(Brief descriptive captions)
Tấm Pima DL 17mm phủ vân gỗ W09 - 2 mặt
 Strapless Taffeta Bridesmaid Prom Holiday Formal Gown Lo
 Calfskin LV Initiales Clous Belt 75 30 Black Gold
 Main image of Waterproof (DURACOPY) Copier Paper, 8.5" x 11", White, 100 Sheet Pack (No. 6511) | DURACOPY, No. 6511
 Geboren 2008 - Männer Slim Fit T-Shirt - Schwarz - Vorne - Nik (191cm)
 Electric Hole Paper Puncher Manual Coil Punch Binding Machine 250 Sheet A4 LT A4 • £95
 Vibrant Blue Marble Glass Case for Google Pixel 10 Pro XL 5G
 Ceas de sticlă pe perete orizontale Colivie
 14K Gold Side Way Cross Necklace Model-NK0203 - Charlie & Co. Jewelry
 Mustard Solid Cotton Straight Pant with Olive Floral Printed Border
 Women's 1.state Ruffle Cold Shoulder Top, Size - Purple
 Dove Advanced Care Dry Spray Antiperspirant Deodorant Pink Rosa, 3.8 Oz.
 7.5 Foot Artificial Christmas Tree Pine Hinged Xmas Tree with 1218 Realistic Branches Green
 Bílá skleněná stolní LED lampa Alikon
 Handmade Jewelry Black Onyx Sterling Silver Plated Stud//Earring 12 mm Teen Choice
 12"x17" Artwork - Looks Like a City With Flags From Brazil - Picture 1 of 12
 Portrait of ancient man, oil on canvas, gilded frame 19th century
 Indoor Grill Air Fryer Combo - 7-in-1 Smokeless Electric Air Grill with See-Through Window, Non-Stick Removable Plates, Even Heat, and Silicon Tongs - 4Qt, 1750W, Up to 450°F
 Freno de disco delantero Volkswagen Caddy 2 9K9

(ASSIGNMENT): Copy exactly the lines above, starting at the opening line and finishing at the line in which "Mustard Solid Cotton" occurs.

(TASK RESPONSE):
Tấm Pima DL 17mm phủ vân gỗ W09 - 2 mặt
 Strapless Taffeta Bridesmaid Prom Holiday Formal Gown Lo
 Calfskin LV Initiales Clous Belt 75 30 Black Gold
 Main image of Waterproof (DURACOPY) Copier Paper, 8.5" x 11", White, 100 Sheet Pack (No. 6511) | DURACOPY, No. 6511
 Geboren 2008 - Männer Slim Fit T-Shirt - Schwarz - Vorne - Nik (191cm)
 Electric Hole Paper Puncher Manual Coil Punch Binding Machine 250 Sheet A4 LT A4 • £95
 Vibrant Blue Marble Glass Case for Google Pixel 10 Pro XL 5G
 Ceas de sticlă pe perete orizontale Colivie
 14K Gold Side Way Cross Necklace Model-NK0203 - Charlie & Co. Jewelry
 Mustard Solid Cotton Straight Pant with Olive Floral Printed Border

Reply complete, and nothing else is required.